Located on the third floor of the John Hope and Aurelia Elizabeth Franklin Library at Fisk University is the Aaron Douglas Gallery. Aaron Douglas is widely acknowledged as one of the most accomplished and influential visual artists of the Harlem Renaissance. In 1944, he concluded his art career by founding the Art Department at Fisk University in Nashville, Tennessee. He taught visual art classes at Fisk until his retirement in 1966. During his tenure as a professor in the Art Department, he was the founding director of the Carl Van Vechten Gallery of Fine Arts, which included both white and African-American art in an effort to educate students on being an artist in a segregated American South. Douglas is known as a prominent leader in modern African-American art whose work influenced artists for years to come.
Learn more about Black History at the Tennessee State Museum. The permanent exhibitions feature Black History from the early days of the state’s beginnings through the Civil War and Reconstruction and the Civil Rights Movements in Tennessee. The current temporary exhibition, Ratified! Tennessee Women and the Right to Vote includes the stories of many African American women who helped American women gain the right to vote.
The Civil Rights Room in the Nashville Public Library is a space for education and exploration of the Civil Rights Collection. The materials exhibited capture the drama of a time when thousands of African-American citizens in Nashville sparked a nonviolent challenge to racial segregation in the city and across the South.
The Jazz Workshop has come to serve as a gathering place for musicians, students, and jazz fans offering world-class jazz education and performance in supportive and creative environments. Artists have developed at the Jazz Workshop, recorded CDs, and have become favorites on the local jazz scene. Student groups have emerged from the Workshop and found performance venues, adding to the availability and diversity of jazz in the community.
Thanks to the research of the curatorial staff at The Hermitage, tour guides are now able to tell stories highlighting the lives of the enslaved men and women who lived here during the life of Andrew Jackson and beyond his death. Visitors will learn how vital the lives of the enslaved were to the operation of the farm, the harsh reality of the enslaved system and how these men and women endured until gaining their freedom.
An experienced guide will lead you on this walking tour through The Hermitage grounds and witness the places enslaved men, women and children were born, lived, worked, and died as you walk “In Their Footsteps.” Tickets also include access to The Hermitage mansion.
Nashville history expertise and roots in the city going back nine generations make it possible for Nashville History On Tour to craft classic and custom tours that inform and delight. Take a journey through African American history in Nashville. From the early arrival of free persons of color in the city through Emancipation to hard-fought battles for voting rights in the 1940s and 1950s to the classic country music scene in Music City today, you'll learn about people who overcame barriers and made their mark on Nashville. Explore the Civil Rights Tour to see how Nashville was one of the most important cities for marches, arrests, and bombing stories to learn about John Lewis and the African American student-led peaceful nonviolent lunch counter sit-ins to desegregate downtown eating establishments in 1960 in Nashville.

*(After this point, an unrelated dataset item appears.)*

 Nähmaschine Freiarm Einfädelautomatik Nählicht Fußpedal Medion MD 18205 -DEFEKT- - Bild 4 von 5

Follow in the steps of those who took a stand by taking a seat. The Civil Rights Sit-Ins tour was written and narrated by Fisk University professor Linda Wynn. The Downtown Civil Rights Sit-Ins tour begins at Church Street and Sixth Avenue North and ends at Rosa L. Parks Boulevard and Dr. Martin Luther King Jr. Boulevard.
Before there was a zoo, the Grassmere property was a family farm. There is a rich history to the land and many stories of the families that lived on it, from the white land owners to the enslaved individuals, and later, Black tenant farmers. On the Nashville Zoo Black History Tour, you will learn about the Black history of the property, the contributions these individuals made that ensured the success of Grassmere, and the eventual creation of Nashville Zoo.

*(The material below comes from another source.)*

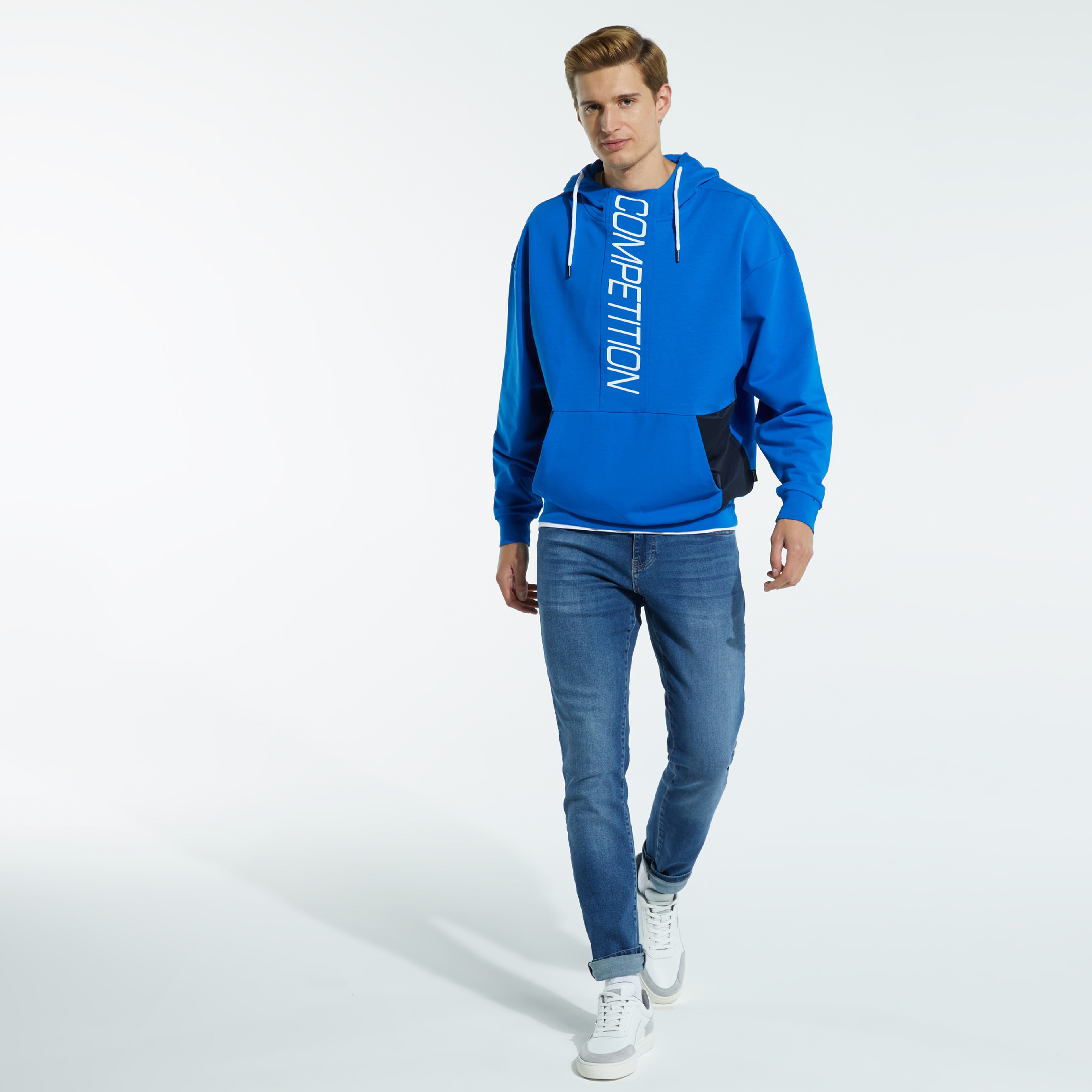 NAUTICA ERKEK SAKS MAVİ SWEATSHIRT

United Street Tours offers a series of 5-star rated, historical Nashville walking tours that are led and curated by locals. The Nashville Black History Walking Tour celebrates the past through storytelling about Nashville’s enslaved population by spotlighting people such as Robert “Black Bob” Renfro. While the Nashville Black History Walking Tour gives you a look into the past, on the Nashville Civil Rights Walking Tour you’ll experience the civil rights story and gain an inspiring new perspective of Nashville. Discover the murals, music, and local community of the Music City with the Nashville Black Neighborhoods Walking Tour. Unearth the fragments and piece them together with extraordinary stories that leave you more educated and inspired to become bridge builders in the community.